Aslında Beşiktaşlı olmamın en önemli sebebi babamın üstü olan bir başkomserdi. Çok severdi beni. Lojmanda oturduğumuz için hergün soluğu karakolda, onun yanında alırdım. Beraber Beşiktaşın maçlarını izlerdik. Babamda yazık, başkomserin yanında olunca birşey söyleyemezdi tabi. Onun koruması altında Beşiktaşlılığımı yaşadım. Babamın almadığı siyah beyaz toplara, elbiselere, onun sayesinde kavuştum. İnanın, o yıllar öyle güzeldi ki dönemin Beşiktaşını hala unutamıyorum. Gordon Milne'li, Metin, Ali, Feyyaz'lı. Bugünün Beşiktaşını doğru düzgün sayamam ama 89-92 yıllarının kadrosunu gözü kapalı bilirim.
Hikaye bitti sanmayın. Bu hikayeden 2. bir Beşiktaşlı daha çıktı. Benim yaşadıklarımı kıskanmış olacak, benden 8 yaş büyük abimde sonradan Beşiktaşlı oldu. Ama buna kabul etmez. "Ben hep Beşiktaşlıydım" der. Delil olarakta benim ismimi gösterir. O koymuş ismimi. Kartal Tibet'i ve sözde Beşiktaş'ı sevdiği için ismimi Kartal koymak istemiş. Babam izin vermez diye Kartal tibet'in canlandırdığı Tarkan ismini vermiş. Ben "Sayemde geçtin Beşiktaş'a!" demek isterdim ama diyemezdim. Çünkü kızdırınca ekonomik ambargo uyguluyordu.

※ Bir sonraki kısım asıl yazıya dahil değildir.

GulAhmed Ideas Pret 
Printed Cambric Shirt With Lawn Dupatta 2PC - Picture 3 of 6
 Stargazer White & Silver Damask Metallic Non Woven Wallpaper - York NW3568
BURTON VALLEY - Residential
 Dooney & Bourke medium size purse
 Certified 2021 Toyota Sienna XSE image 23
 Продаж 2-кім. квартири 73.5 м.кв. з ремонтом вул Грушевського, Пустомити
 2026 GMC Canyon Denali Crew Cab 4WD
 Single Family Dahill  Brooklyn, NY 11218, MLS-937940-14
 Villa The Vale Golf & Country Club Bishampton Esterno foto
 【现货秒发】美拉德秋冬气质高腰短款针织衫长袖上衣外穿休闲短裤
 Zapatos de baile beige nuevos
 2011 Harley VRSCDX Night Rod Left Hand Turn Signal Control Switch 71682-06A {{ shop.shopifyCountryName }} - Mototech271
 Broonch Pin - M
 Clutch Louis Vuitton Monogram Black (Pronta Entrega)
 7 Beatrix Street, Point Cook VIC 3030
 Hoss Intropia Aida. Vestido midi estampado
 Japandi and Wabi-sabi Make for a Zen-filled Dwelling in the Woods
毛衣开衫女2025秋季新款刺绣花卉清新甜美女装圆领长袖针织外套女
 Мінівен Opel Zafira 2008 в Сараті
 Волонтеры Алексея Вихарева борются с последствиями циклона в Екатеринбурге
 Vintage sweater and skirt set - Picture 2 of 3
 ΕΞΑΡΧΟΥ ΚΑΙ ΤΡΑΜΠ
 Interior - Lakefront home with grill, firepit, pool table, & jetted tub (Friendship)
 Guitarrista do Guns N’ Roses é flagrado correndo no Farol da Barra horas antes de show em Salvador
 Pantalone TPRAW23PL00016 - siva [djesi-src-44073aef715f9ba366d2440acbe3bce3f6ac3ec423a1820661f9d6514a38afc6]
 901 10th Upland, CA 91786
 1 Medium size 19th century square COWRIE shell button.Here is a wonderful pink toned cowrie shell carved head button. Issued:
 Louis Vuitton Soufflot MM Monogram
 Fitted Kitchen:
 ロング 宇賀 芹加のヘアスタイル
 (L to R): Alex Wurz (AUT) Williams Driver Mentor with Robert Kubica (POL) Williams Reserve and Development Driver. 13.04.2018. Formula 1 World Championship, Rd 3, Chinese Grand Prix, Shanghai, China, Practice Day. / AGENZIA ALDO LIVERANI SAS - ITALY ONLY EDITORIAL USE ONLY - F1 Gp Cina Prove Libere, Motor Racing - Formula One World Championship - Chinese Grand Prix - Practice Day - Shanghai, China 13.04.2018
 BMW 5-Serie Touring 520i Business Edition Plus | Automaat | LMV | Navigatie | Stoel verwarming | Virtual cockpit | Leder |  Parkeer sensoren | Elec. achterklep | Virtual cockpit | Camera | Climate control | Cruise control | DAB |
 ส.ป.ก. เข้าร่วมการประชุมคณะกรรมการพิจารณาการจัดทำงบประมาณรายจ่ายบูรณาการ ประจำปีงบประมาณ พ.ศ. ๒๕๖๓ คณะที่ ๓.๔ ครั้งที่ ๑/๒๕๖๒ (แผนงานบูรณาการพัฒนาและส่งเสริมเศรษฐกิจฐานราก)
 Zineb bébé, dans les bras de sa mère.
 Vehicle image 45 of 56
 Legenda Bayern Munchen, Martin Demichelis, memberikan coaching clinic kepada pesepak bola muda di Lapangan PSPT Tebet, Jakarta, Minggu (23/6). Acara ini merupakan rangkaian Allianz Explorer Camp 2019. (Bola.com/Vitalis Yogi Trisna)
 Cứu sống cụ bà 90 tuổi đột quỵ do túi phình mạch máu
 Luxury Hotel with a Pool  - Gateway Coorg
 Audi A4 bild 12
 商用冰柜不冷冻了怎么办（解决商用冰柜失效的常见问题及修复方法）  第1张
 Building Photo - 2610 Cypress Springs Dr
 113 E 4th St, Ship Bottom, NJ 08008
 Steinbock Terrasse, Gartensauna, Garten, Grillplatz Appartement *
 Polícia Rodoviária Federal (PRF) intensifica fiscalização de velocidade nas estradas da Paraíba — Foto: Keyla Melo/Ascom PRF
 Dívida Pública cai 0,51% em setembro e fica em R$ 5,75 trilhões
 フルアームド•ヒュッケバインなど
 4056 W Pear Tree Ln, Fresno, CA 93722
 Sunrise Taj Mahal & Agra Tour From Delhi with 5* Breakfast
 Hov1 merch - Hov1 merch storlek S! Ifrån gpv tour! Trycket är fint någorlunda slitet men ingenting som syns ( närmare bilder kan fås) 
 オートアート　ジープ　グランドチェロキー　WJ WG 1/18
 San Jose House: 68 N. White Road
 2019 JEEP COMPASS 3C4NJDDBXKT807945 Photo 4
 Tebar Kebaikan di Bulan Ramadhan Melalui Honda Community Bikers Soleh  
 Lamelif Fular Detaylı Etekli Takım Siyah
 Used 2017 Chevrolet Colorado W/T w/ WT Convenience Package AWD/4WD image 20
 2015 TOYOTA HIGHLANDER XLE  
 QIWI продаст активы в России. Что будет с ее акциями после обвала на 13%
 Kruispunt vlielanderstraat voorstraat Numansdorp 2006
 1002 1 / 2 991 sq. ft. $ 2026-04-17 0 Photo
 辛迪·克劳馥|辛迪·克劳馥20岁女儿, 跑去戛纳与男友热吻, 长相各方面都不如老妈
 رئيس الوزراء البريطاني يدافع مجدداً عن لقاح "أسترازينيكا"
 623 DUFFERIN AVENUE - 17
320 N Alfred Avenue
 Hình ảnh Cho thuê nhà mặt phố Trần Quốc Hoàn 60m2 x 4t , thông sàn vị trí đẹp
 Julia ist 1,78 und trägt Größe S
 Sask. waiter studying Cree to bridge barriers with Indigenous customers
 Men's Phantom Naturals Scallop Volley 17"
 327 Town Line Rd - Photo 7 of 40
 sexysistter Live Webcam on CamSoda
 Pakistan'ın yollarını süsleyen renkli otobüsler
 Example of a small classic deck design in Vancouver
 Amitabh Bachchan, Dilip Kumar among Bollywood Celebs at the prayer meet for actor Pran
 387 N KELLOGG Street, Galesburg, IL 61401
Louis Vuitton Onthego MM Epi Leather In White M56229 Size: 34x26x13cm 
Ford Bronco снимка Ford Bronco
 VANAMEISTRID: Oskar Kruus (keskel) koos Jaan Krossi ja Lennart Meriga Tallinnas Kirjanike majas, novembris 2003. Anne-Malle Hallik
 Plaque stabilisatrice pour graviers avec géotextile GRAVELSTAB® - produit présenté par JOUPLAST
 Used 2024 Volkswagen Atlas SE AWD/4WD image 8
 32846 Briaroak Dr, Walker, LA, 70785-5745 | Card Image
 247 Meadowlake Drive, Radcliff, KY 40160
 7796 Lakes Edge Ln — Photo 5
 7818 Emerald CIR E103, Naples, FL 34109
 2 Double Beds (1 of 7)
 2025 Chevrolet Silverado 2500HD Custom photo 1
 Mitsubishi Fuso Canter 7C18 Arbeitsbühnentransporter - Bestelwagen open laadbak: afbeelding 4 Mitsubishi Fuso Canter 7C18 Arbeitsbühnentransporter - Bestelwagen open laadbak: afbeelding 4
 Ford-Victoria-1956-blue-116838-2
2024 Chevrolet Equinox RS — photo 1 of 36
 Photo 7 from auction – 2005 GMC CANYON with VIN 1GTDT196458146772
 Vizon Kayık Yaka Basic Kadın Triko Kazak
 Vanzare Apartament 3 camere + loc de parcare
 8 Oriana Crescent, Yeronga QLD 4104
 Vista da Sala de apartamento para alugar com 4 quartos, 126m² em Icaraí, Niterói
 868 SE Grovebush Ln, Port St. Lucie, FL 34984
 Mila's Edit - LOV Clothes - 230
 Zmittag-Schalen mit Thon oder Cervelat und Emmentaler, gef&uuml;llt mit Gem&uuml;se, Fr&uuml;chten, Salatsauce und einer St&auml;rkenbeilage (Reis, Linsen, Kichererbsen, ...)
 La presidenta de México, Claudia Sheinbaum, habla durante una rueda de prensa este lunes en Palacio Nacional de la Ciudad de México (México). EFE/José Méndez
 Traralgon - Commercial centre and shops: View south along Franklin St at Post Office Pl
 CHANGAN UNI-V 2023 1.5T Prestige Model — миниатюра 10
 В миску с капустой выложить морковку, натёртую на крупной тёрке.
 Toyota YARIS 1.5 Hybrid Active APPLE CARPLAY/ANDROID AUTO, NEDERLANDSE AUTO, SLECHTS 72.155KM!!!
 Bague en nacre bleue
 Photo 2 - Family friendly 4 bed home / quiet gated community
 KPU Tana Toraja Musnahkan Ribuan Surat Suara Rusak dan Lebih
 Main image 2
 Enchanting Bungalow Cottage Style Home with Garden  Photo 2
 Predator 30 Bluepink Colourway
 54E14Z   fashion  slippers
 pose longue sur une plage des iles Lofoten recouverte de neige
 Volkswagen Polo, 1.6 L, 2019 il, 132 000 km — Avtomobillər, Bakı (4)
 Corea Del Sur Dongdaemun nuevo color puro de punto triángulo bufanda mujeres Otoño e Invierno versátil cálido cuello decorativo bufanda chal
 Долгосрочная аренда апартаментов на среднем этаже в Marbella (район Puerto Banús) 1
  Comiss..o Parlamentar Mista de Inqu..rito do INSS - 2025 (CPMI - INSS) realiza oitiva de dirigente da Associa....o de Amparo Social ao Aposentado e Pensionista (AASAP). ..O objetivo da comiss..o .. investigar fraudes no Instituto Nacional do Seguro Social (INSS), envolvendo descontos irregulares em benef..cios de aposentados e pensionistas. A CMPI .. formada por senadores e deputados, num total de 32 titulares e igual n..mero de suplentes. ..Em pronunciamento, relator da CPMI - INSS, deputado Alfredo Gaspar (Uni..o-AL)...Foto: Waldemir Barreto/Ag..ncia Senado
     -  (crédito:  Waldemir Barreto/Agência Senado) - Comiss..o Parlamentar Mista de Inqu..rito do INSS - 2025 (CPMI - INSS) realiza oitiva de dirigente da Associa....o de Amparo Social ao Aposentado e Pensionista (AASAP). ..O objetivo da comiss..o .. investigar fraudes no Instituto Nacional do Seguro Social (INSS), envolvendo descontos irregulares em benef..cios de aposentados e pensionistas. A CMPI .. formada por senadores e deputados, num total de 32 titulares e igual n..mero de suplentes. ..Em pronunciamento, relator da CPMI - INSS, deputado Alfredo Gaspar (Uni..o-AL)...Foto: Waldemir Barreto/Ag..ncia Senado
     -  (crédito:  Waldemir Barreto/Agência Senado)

İşte benim hikayem bu. En zorlu şartlarda bile Beşiktaşımdan vazgeçmemişim. Babam hala çok şaşırır bana. "Seni altın kafeslere koydum, yinede o rezil takımdan vazgeçmedin." der. Ama iyi ki Beşitaşlıyım, iyi ki Beşiktaşlı doğmuşum diyorum. Allah herkese bu duyguyu yaşamayı nasip etsin.
Son bir not: Annemi soracak olursanız, o da babama karşı "özgürlük!" diyip cimbomdan vazgeçti. Vazgeçti ama Beşiktaşlı da olmadı. Hamsiyi sevdiği için Trabzonspor'a geçmiş.